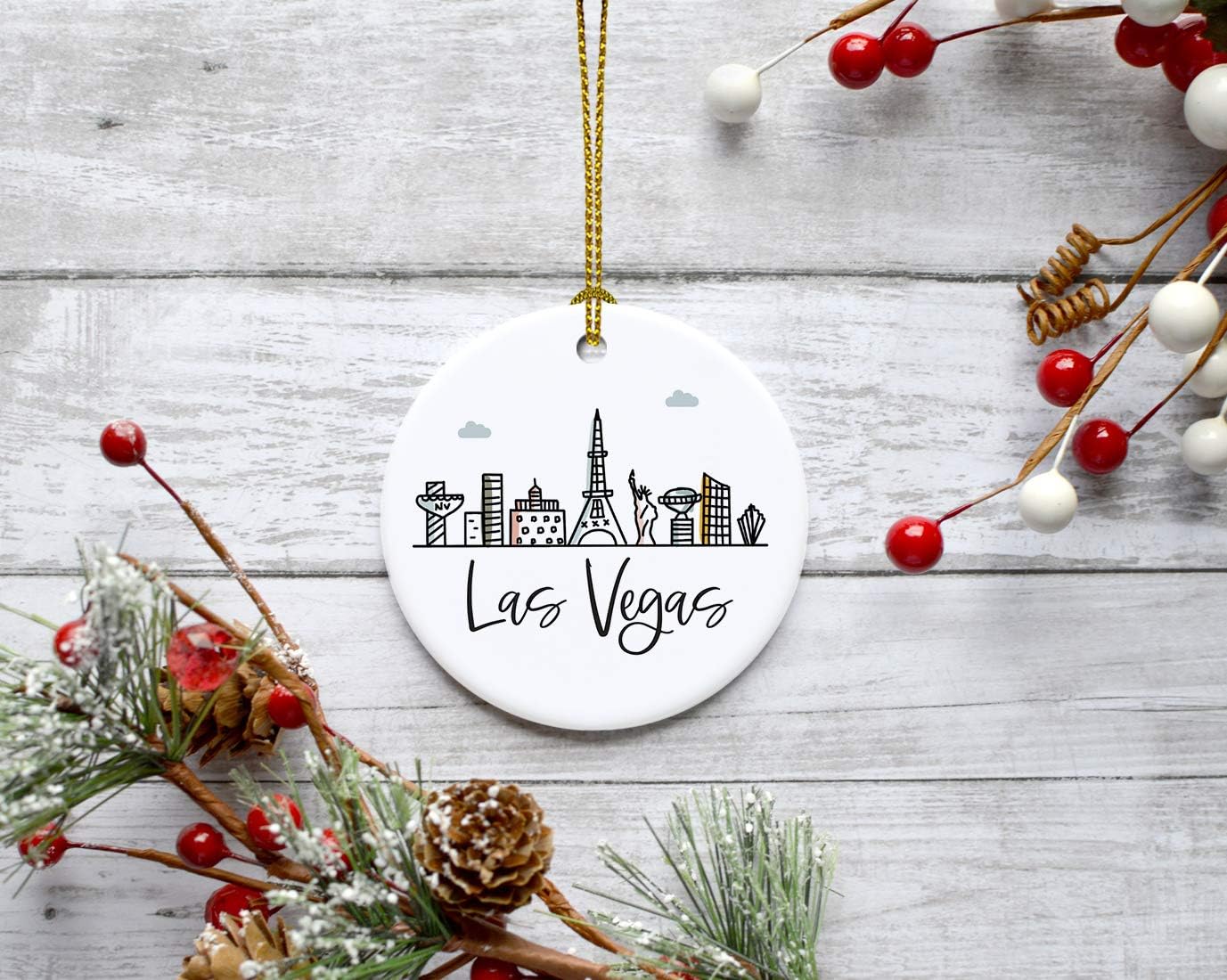 Andaz Press Round Ceramic Porcelain Christmas Tree Ornament Keepsake Gift, Las Vegas, Colorful City Skyline Graphic, 1-Pack, Birthday Gift Ideas Family Coworker Him Her, Includes Box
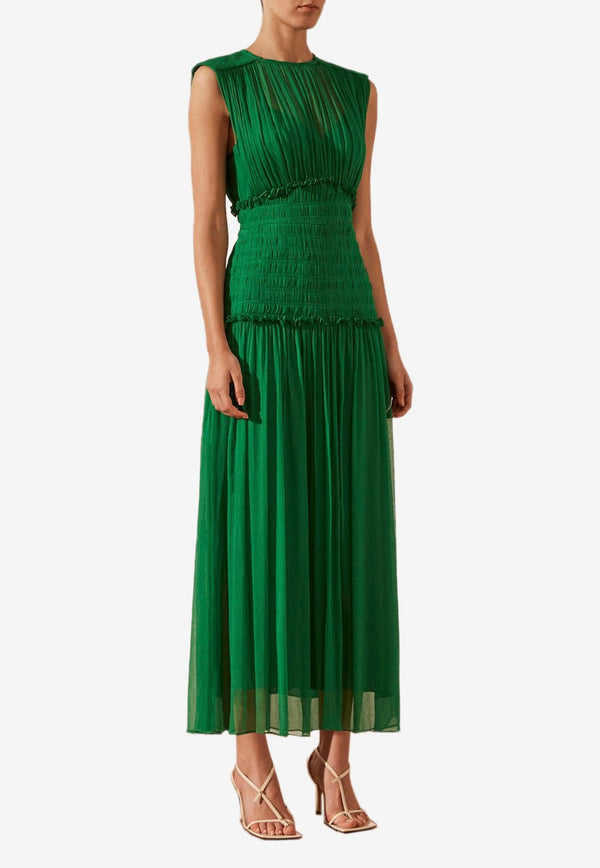Shona Joy Malina Pleated Midi Dress Green 1233021GREEN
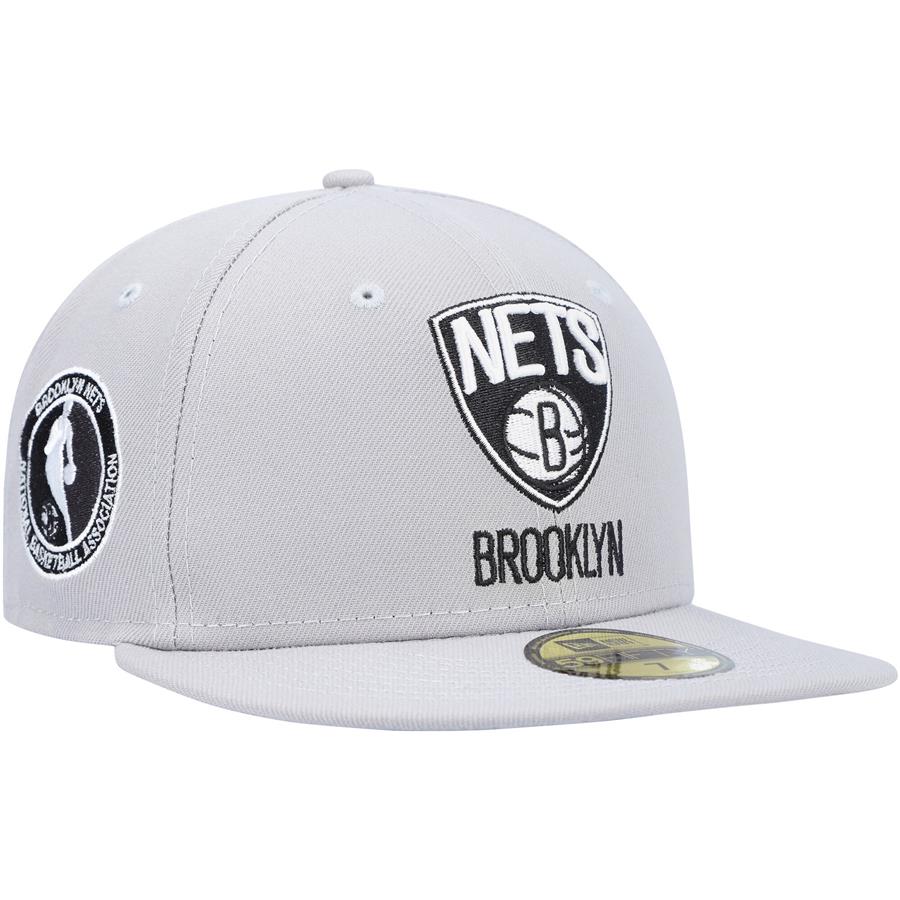 Brooklyn Nets New Era Team Logoman 59FIFTY Fitted Hat - Gray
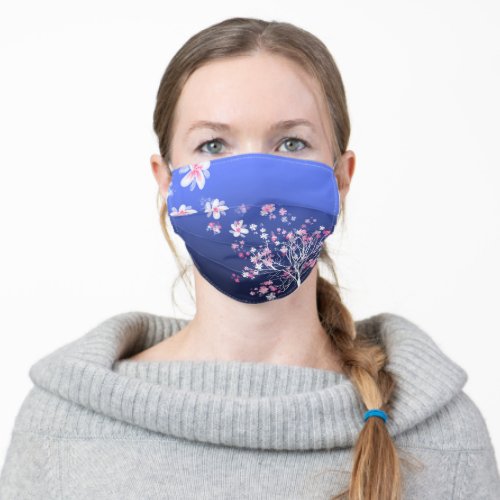 Cherry blossoms periwinkle ombre background adult cloth face mask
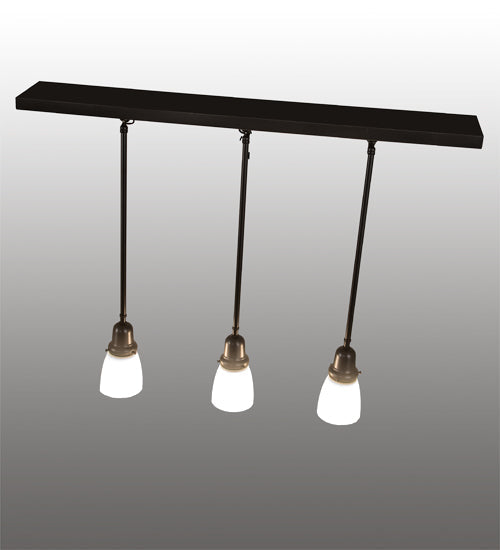 Meyda Lighting Revival Oyster Bay 36" 3-Light Craftsman Brown Island Pendant Light With White Opal Shade Glass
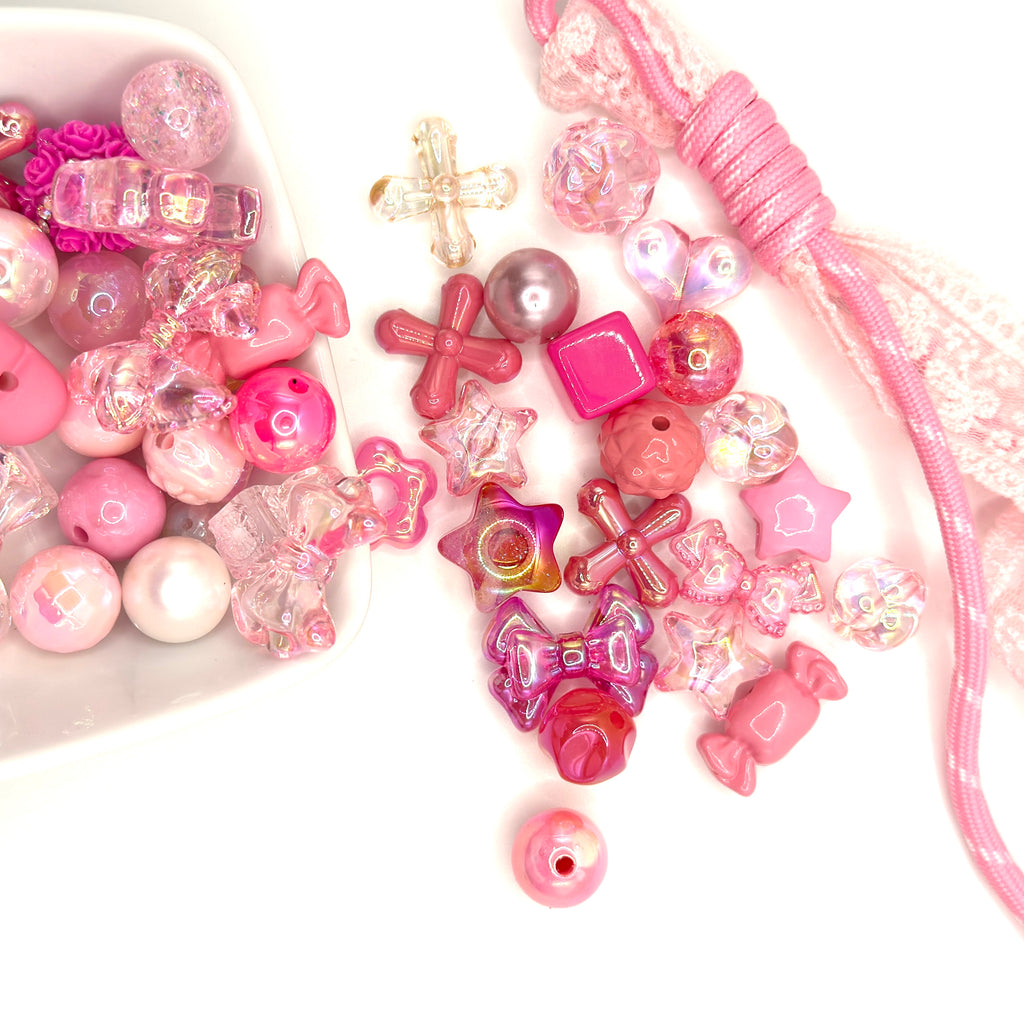 XOXO Sweetheart Bead Mix | Pink Valentine Bead Soup | with optional Lace Paracord | Keychains, Bracelets, Pens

————

Transcribe all the records above word for word, without their images.

 Andaz Press Round Ceramic Porcelain Christmas Tree Ornament Keepsake Gift, Las Vegas, Colorful City Skyline Graphic, 1-Pack, Birthday Gift Ideas Family Coworker Him Her, Includes Box
Shona Joy Malina Pleated Midi Dress Green 1233021GREEN
 Brooklyn Nets New Era Team Logoman 59FIFTY Fitted Hat - Gray
 Cherry blossoms periwinkle ombre background adult cloth face mask
 Meyda Lighting Revival Oyster Bay 36" 3-Light Craftsman Brown Island Pendant Light With White Opal Shade Glass
 XOXO Sweetheart Bead Mix | Pink Valentine Bead Soup | with optional Lace Paracord | Keychains, Bracelets, Pens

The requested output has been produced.